The best, authority members say, would spur spin-off development, improve connections to the lakefront and add iconic architecture.

The city's planning commission will meet this morning with the Landmarks Commission and Design Review Advisory Committee to discuss the options.

"Functionally, they both work," LMN partner Mark Reddington said. By keeping the sprawling exhibit hall underground and out of sight in both designs, the planners dealt with a generic convention center challenge-fitting what tend to be large boring boxes into tight urban spaces. "You don't have the mass at all," Reddington said. "You only see what you want to see."

Plans call for excavating Malls B and C, demolishing the sub-surface exhibit space and digging 14 feet deeper to create higher ceilings.

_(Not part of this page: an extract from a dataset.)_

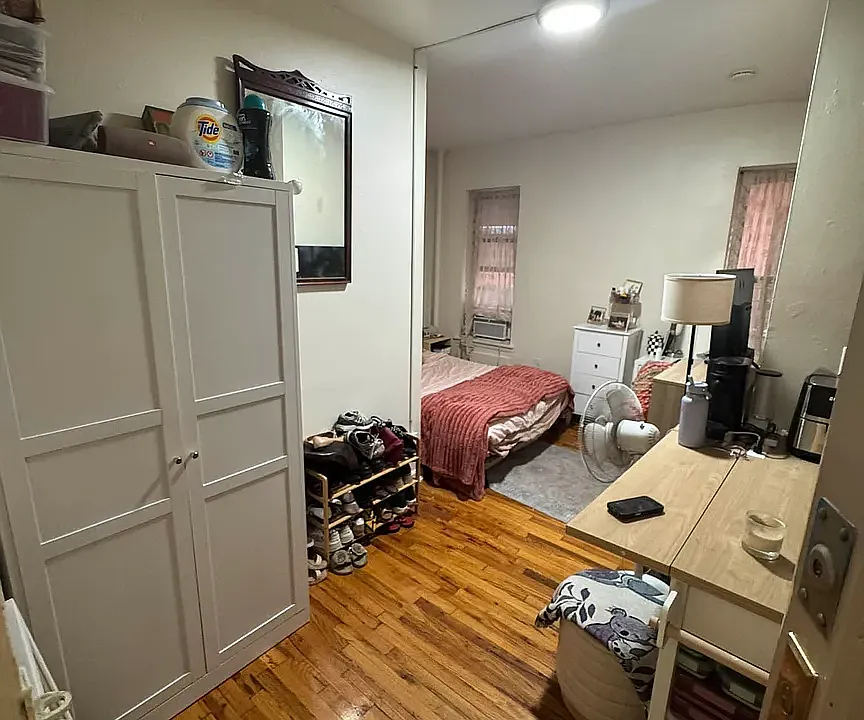 220 E 29th St #2D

To avoid using columns to support the roof, cables like those on a suspension bridge would span the reconstructed malls. Wedge-shaped skylight towers would bring sunlight into the space.

The two designs differ mainly in the location of the ballroom, lobby, kitchen and parking.

The north, or lakefront, plan takes advantage of what has been a liability-the bluff that has kept downtown separate from the lakefront for decades, City Planner Robert Brown said. The lobby and ballroom would be built against the steep drop-off behind City Hall and over the railroad tracks below. The new lobby's roof would become Mall D, an extension of the mall plan.

This design would create a lobby with a sweeping view of the lake without blocking the view from the malls above. A pedestrian bridge over the Shoreway would help Clevelanders and visitors reach North Coast Harbor attractions more easily. "My impression is, there's something more emotionally inspiring about the northern option," Reddington said.

Spin-off development opportunities exist between the Mall D extension and East Ninth Street.

CFA member Pat Sweeney, for one, said he wants planners to get as close to the waterfront as possible and go from there. "This could be an engine for the whole lakefront development plan," he said.

Mayor Jane Campbell's lakefront vision includes converting the Shoreway into a boulevard and moving the commercial shipping operations to west of the Cuyahoga River to make way for housing, entertainment and other development on downtown docks.

Expanding west along Ontario Street has benefits, too, Reddington said. The lobby and entrance would be west of Mall B, across the mall from the existing entrance. The western space is closer to the city's center. And it gives Cleveland an opportunity to better define the western edge of the mall with architecture parallel with Public Auditorium, which is on the eastern edge, Reddington said.

Cuyahoga County plans to move its administration building from the block in the next several years. The CFA also would need to buy and raze a parking garage and office building in the same block.

A lakefront connection from the new building, although less integrated than the Mall D option, could include a Lakeside Avenue terrace and a pedestrian bridge over the Shoreway. With this option, visitors could stand at the exhibit hall's southern edge and look all the way through to a bank of windows at the end of Mall C.